I have a thousand or so record albums in my basement and a still functioning turntable upstairs in our front room. But there is only one record I ever play on it. It’s simply called Christmas Carols by the Prague Madrigal Singers and features songs from some fourteen European countries. Suspecting I will never find it on CD, I’ve kept my turntable functioning just for this annual ritual of hearing these songs.*

So tonight, the house clean, calm and quiet after the joyous energy of last night’s ritual Caroling Party, I fired up the turntable and out came the familiar voices with the familiar melodies and the familiar accompaniments (including organ and occasional bagpipe). I was transported, lifted back to a world out of time and everything changed in only the way music can change it. This was not a recording from my childhood, but it was from my children’s childhood and each notes carried memories of all those years. Not so much remembering, but actually living in all those moments again. The way music can gather time into one unfolding moment that embraces us and comforts us, an antidote to linear time’s cruelty. In this moment, no one gets old and nothing dies, we are simply here in full presence and the gods are in their heavens and pay no attention to the talking heads on TV, all’s right with the world.

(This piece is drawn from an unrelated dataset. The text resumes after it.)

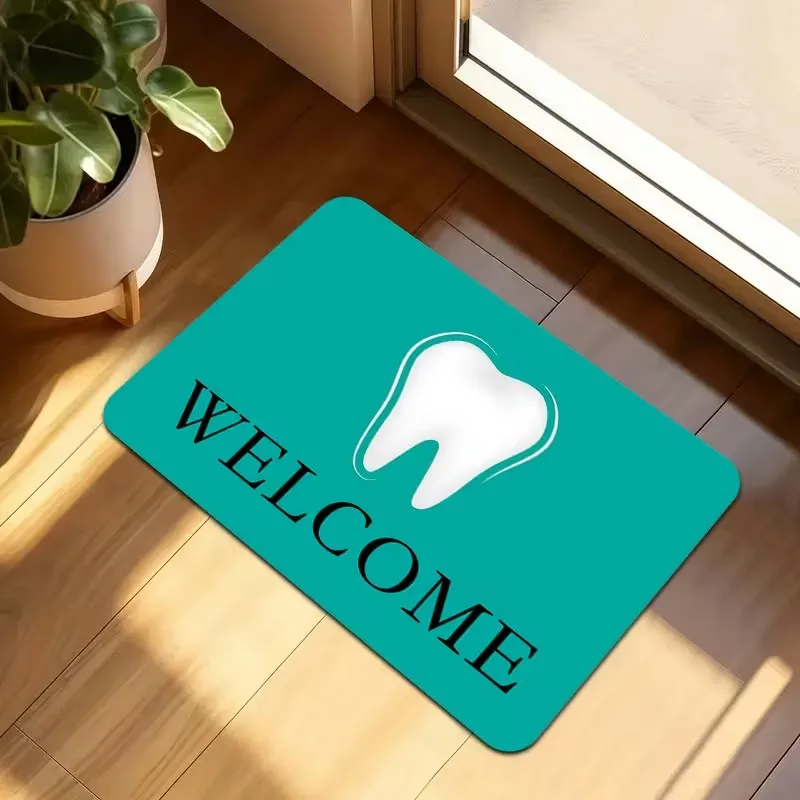 Colorful Toothbrush and Toothpaste Print Doormat Dental Hygiene Themed Non Slip Floor Mat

In the face of all the hoo-haa and the ridiculous consumption and people jostling at department stores to get deals and the sickly sweet manufactured Christmas spirit brought to you by…, this is the real deal. I can picture these singers in a snow-filled Prague, the ringing head tones of the sopranos soaring over the organ’s bass pedals lifting spirit up our spines. I can feel the annual renewal of love huddled together to stay warm amidst the snow-white magical world, see the images of a baby offering the promise of a new life, wholly innocent of the millennia of bloodbaths that would follow in his name, for now, just stars beaming down and kings bearing gifts and animals gathered in a lowly manger. It’s a beautiful story and beautiful images, regardless of what ensued. And it’s ours to remember with the simple act of singing—or lifting a needle onto a vinyl disc.

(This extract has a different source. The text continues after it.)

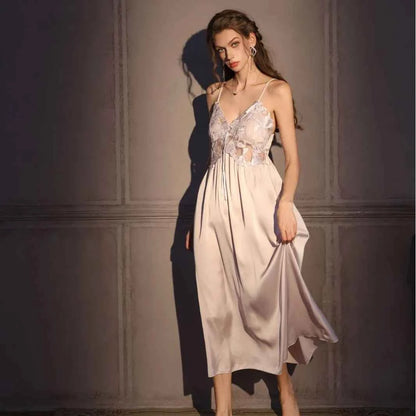 Elegant Female Long Robe Set Nightgown Silky Ice Silk Sleepwear - Urban Heaven Co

It’s not the usual Christmas for me. Without the grandkids coming down this year, we opted to save a tree, though did bring a live Norfolk pine from our light-well and everyone who sees it marvels at its unique shape. We have lights on it and kept meaning to bring up the ornaments, keep the annual ritual of unpacking things both my wife and I have kept from our childhoods and from our first Christmases together. But we leave in four days to go to Hawaii (with the grandkids!) and it seems less and less likely that we’ll finish decorating the tree.

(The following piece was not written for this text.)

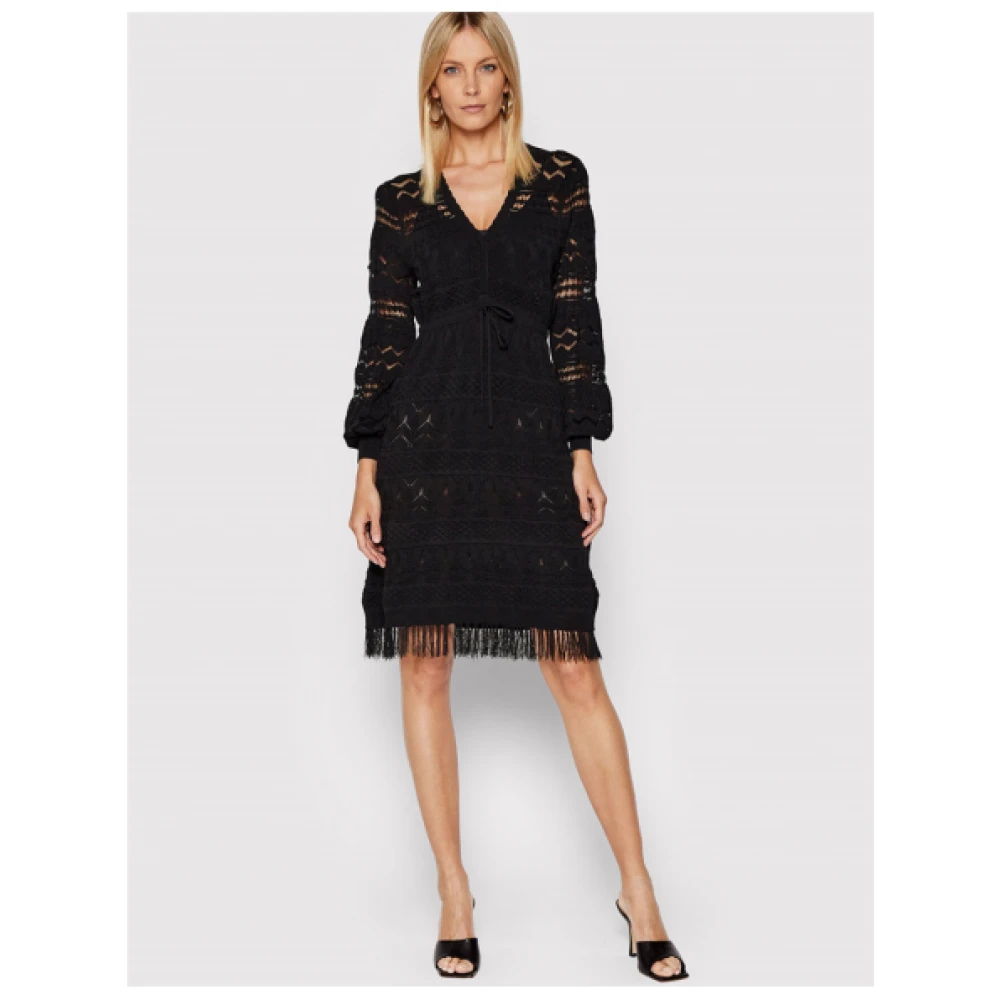 Twinset Korte Kanten Jurk met Franjes Black Dames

Last night’s caroling party was lovely, but some of the regulars couldn’t make it and we got rained out from the part where we actually take to the streets. And though I’ve done a few Holiday Sings at school, I’m not there each day to feel the kids’ excitement. All of it was okay with me, even feeling proud that every day was enough Christmas for me all year long that I didn’t need to make special fuss when the calendar tells me to.

But from the first notes of the Prague Madrigal Singers, I realized I did need it and do need it and we all do. Doesn’t have to be Christmas per se, but some touchstone that reminds us of our own shining excitement and innocence and wonder at being alive. It always is a fleeting thing for me, coming in fits and starts and never lingering for too long. But it is enough that it has come.

Thanks to my still-functioning turntable.

* PS After writing the first paragraph, I decided to check to see if against all odds, this old obscure LP had been made into a CD. And lo and behold, there it was!!! I can order it on Amazon from Switzerland and it will arrive in a month! I’ll miss the part where it skips without fail on Deck the Halls, but hey, I think it’s worthwhile. And still I’ll keep my turntable.